Task description: Each entry needs to be reproduced exactly as it is.

The data:

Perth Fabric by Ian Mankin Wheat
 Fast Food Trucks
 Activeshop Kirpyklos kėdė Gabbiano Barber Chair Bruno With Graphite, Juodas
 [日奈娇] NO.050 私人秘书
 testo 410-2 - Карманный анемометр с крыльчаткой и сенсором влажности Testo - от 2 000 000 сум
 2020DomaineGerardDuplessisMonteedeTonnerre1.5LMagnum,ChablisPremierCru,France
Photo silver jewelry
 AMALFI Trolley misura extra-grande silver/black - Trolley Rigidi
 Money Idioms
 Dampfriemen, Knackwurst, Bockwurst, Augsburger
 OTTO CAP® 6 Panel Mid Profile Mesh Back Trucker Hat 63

Answer section:
Perth Fabric by Ian Mankin Wheat
 Fast Food Trucks
 Activeshop Kirpyklos kėdė Gabbiano Barber Chair Bruno With Graphite, Juodas
 [日奈娇] NO.050 私人秘书
 testo 410-2 - Карманный анемометр с крыльчаткой и сенсором влажности Testo - от 2 000 000 сум
 2020DomaineGerardDuplessisMonteedeTonnerre1.5LMagnum,ChablisPremierCru,France
Photo silver jewelry
 AMALFI Trolley misura extra-grande silver/black - Trolley Rigidi
 Money Idioms
 Dampfriemen, Knackwurst, Bockwurst, Augsburger
 OTTO CAP® 6 Panel Mid Profile Mesh Back Trucker Hat 63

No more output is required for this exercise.